For the third quarter, marketing services--which includes brand advertising and
paid search--grew 212 percent to $765 million. The company did not break out the revenue in its marketing services division, but investment banking firm Goldman Sachs estimated Yahoo!'s paid search
business at $273 million.
Revenue was $655 million for the quarter, up from 357 million in the comparable period a year ago. The earnings were pegged at 9 cents per share.
Yahoo! ended the
quarter with 325 million unique users, up 33 percent from 245 million last during last year's third quarter. The company said it ended the quarter with 7.6 million paying subscribers. Listings revenue
was $37 million, short of last quarter's $38 million.
Yahoo!'s Semel said the company's growth strategy will involve the "integration of search, community, personalization, and content in a way
that puts users in the driver's seat." Semel highlighted Yahoo!'s recently redesigned front page, its beta launch of a customizable My Yahoo! page through RSS feeds and a personalized search engine,
and Yahoo!

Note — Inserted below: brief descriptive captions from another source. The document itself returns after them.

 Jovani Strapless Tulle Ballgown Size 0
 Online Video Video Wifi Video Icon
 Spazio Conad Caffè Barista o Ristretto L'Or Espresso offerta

Local's formal introduction to the Yahoo! Search and front pages as evidence of this. He said the full range of products and services will create a "self-reinforcing cycle" of consistent
revenue.
The company also raised its outlook for the fourth quarter 2004. It expects to generate between $710 and $760 million in the fourth quarter, and $2.5 billion and $2.57 billion for the
full year.
eMarketer, an Internet marketing research aggregator, expects that by the end of the year, Yahoo! revenue will account for more than 20 percent of the U.S. online advertising market,
and 35 percent of paid search.
"If it hadn't bought Overture last year," eMarketer Analyst David Hallerman said, "that wouldn't be the case." Hallerman said Yahoo!'s revenues are a significant
weathervane for the Internet marketing industry because "it has its fingers in both pies."
eMarketer pegs Internet advertising revenue at $9.4 billion for the year; forty percent of this figure
will come from paid search. Hallerman expects Yahoo! to account for 35 percent of the "imbalanced" search market, and Google to account for 50 percent.